У каждой исторической эпохи есть своя мера и свои условия, при которых становится возможным исполнить свое призвание на занимаемом месте. Для начала ХХ века этой мерой стало исповедничество перед номинально православной властью и враждебным, безбожным обществом. Господь принял праведную жизнь митрополита Владимира, и за праведную жизнь простил и покрыл любовью все упущенное, должное, но не сделанное, и, пожелав его близости Себе, даровал ему как величайшую награду мученический венец и белые одежды.

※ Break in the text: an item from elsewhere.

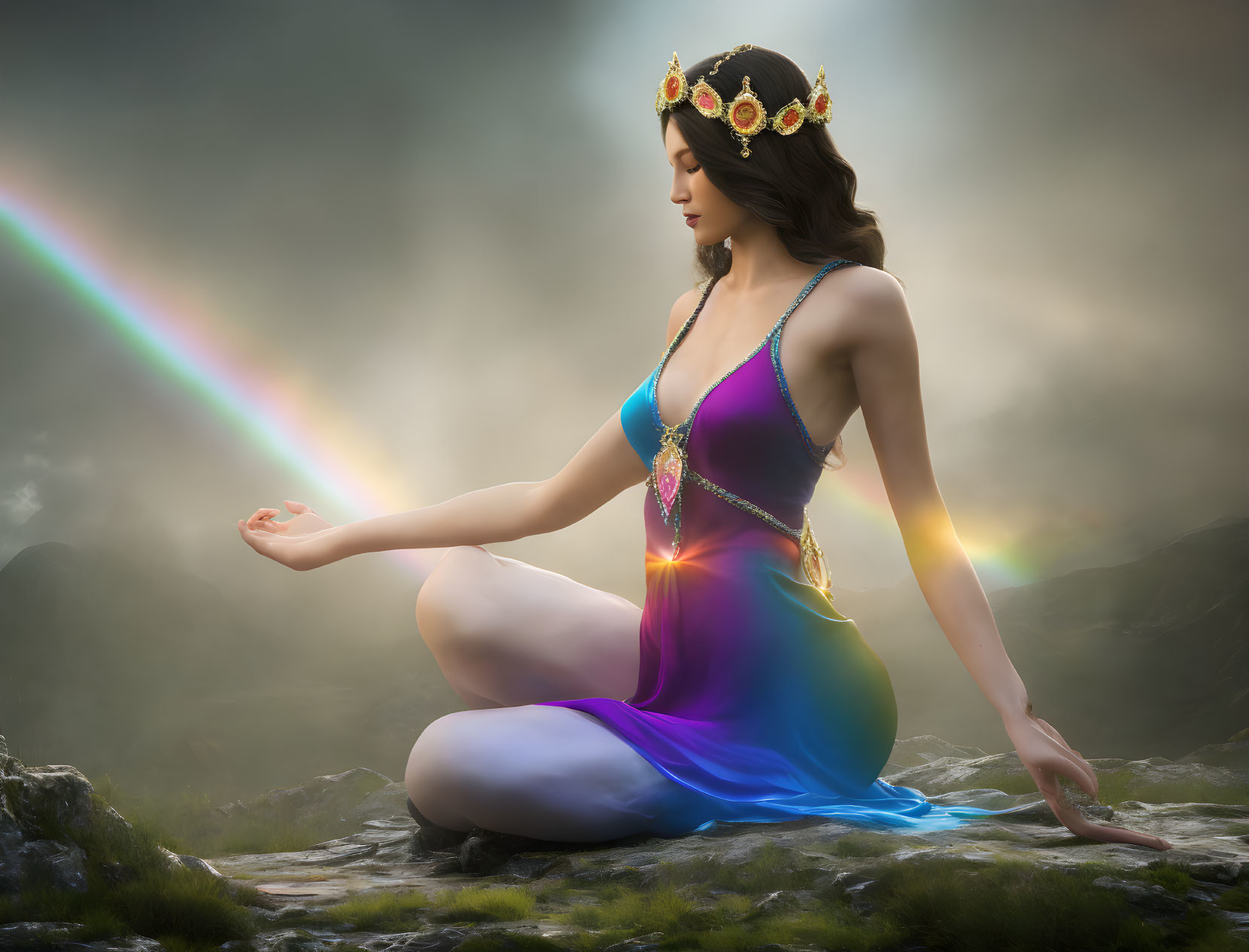 Rainbow Chakra Goddess of Peace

После завершившихся гонений на Русскую Православную Церковь Архиерейский Собор в 1992 году причислил священномученика Владимира к лику святых, а 20 июля того же года были обретены мощи священномученика, которые были положены рядом с мощами преподобных в Дальних пещерах Киево-Печерской Лавры.
Цитата:
«Великое несчастие нашего времени более всего в том, что считают высшим достоинством быть либеральным в отношении вопросов веры и нравственности. Многие находят особенную заслугу в том, чтобы вселить в души русских людей такое либеральное отношение к вере и нравственности… Они в свое оправдание приводят как будто бы заслуживающие внимания доводы. Они говорят: всякий человек может судить о религиозных вопросах со своей точки зрения и свободно высказывать свои убеждения, каковы бы они ни были, — это дело его совести, должно уважать религиозное убеждение каждого человека. Против свободы веры и совести никто не возражает. Но не нужно забывать, что христианская вера не есть человеческое измышление, а Божественные глаголы, и не может она изменяться сообразно с человеческими понятиями, и если человеческие убеждения стоят в противоречии с Божественными истинами, то разумно ли придавать какое-либо значение этим убеждениям, считать их правильными и руководствоваться ими в жизни? Мы, конечно, должны терпеть и несогласных с нами и даже явно заблуждающихся, относиться к ним снисходительно, но от заблуждений их должны отвращаться и с заблуждениями бороться и доказывать их несостоятельность. Это должны считать своим долгом и пастыри Христианской Церкви, и истинные последователи Христова учения…».
Священномученик Владимир, митрополит Киевский. Из последнего обращения к киевской пастве в 1917 году.